__Exercise requirements__. Setting aside any pictures, reproduce the data exactly.

__Short descriptive text snippets__.
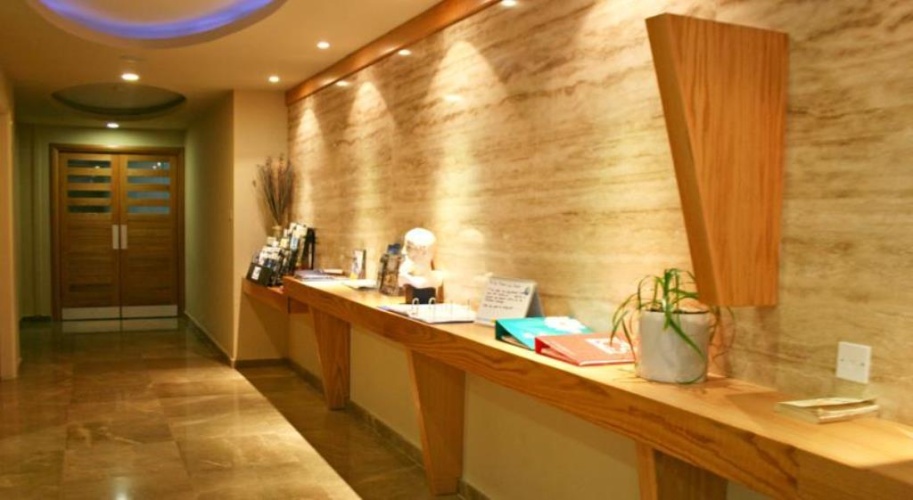 Poseidonia Beach Hotel photo 24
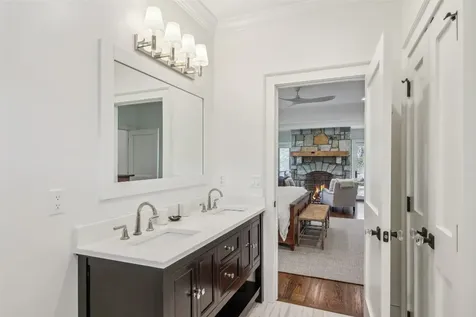 2272 W Club Lake Toxaway NC 28747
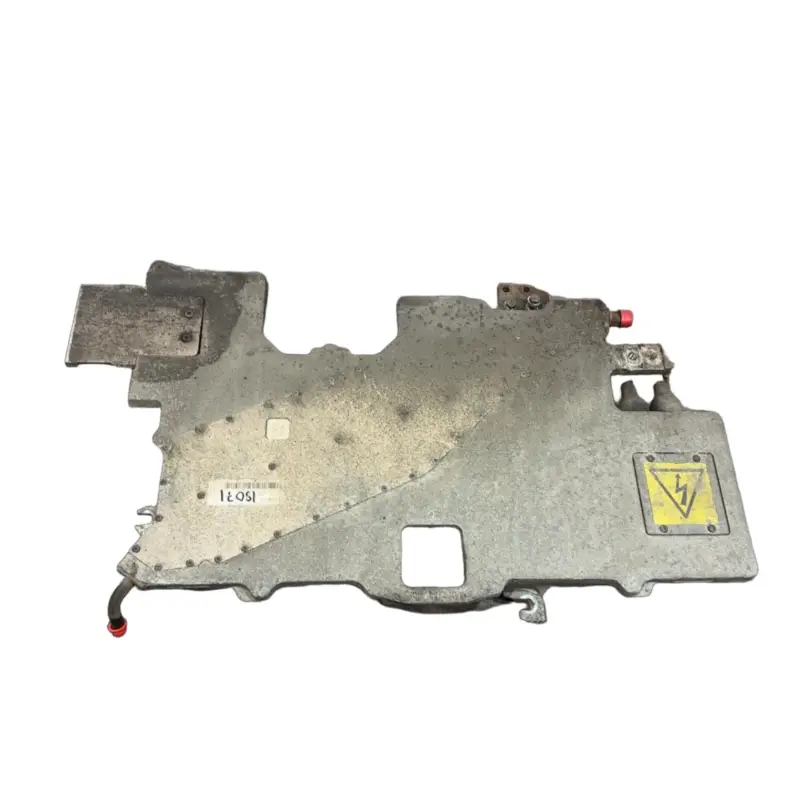 Sista chansen 21523842 Styrblock, växellåda VOLVO 22238886 85020338 21313208 21375448 22388840 B5LH, B0E (2008-)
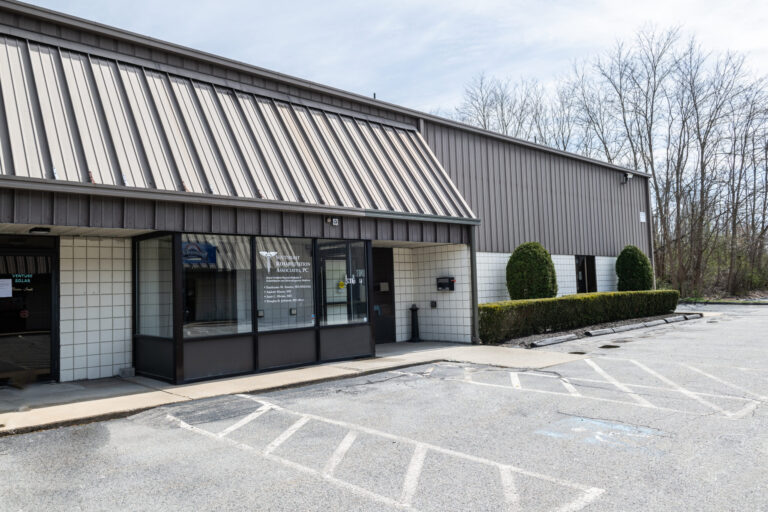 Southeast Rehabilitation Associates, PC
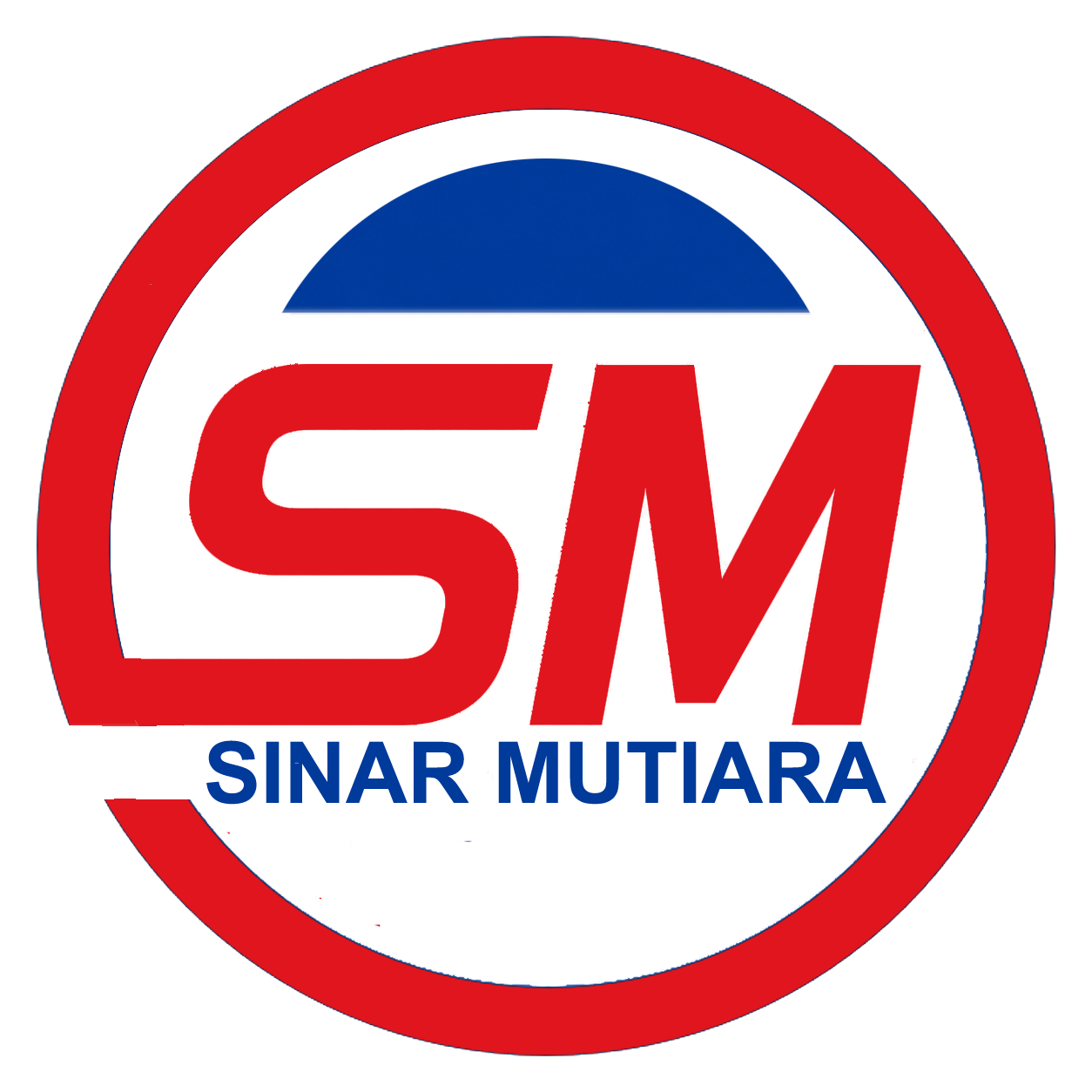 Logo Toko SINAR MUTIARA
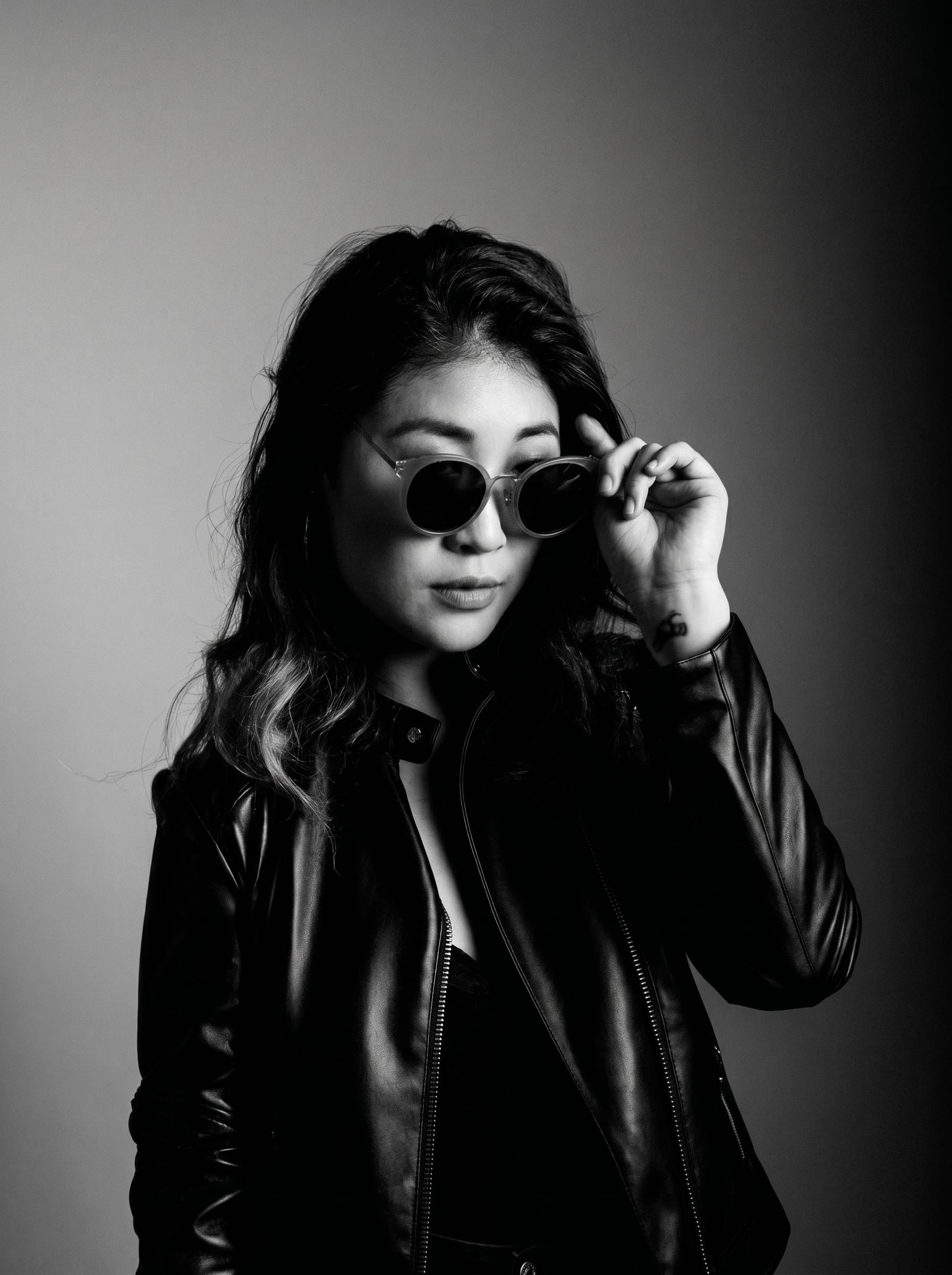 Hanna Choi 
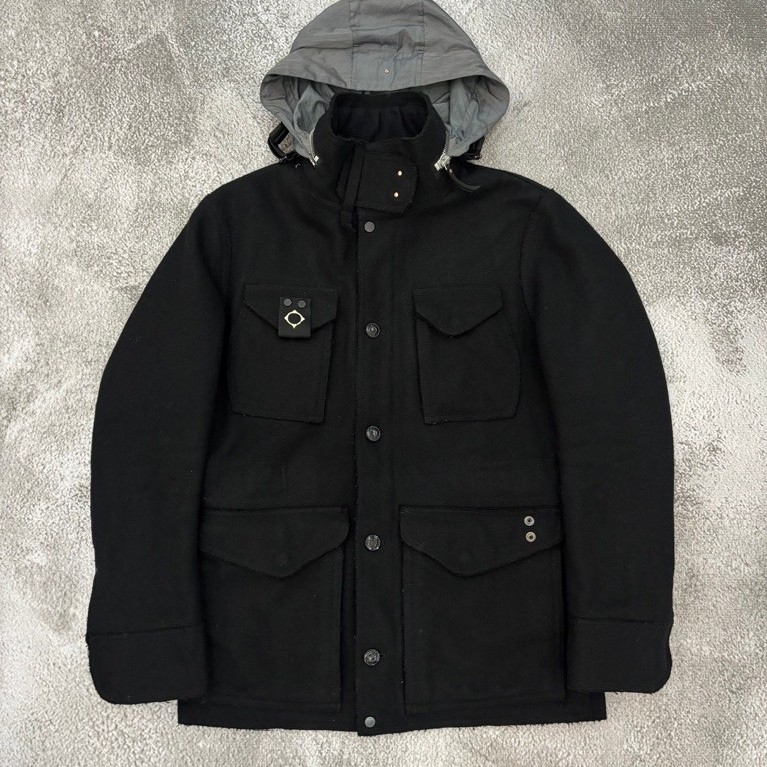 mastrum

__Solution__.
 Poseidonia Beach Hotel photo 24
 2272 W Club Lake Toxaway NC 28747
 Sista chansen 21523842 Styrblock, växellåda VOLVO 22238886 85020338 21313208 21375448 22388840 B5LH, B0E (2008-)
 Southeast Rehabilitation Associates, PC
 Logo Toko SINAR MUTIARA
 Hanna Choi 
 mastrum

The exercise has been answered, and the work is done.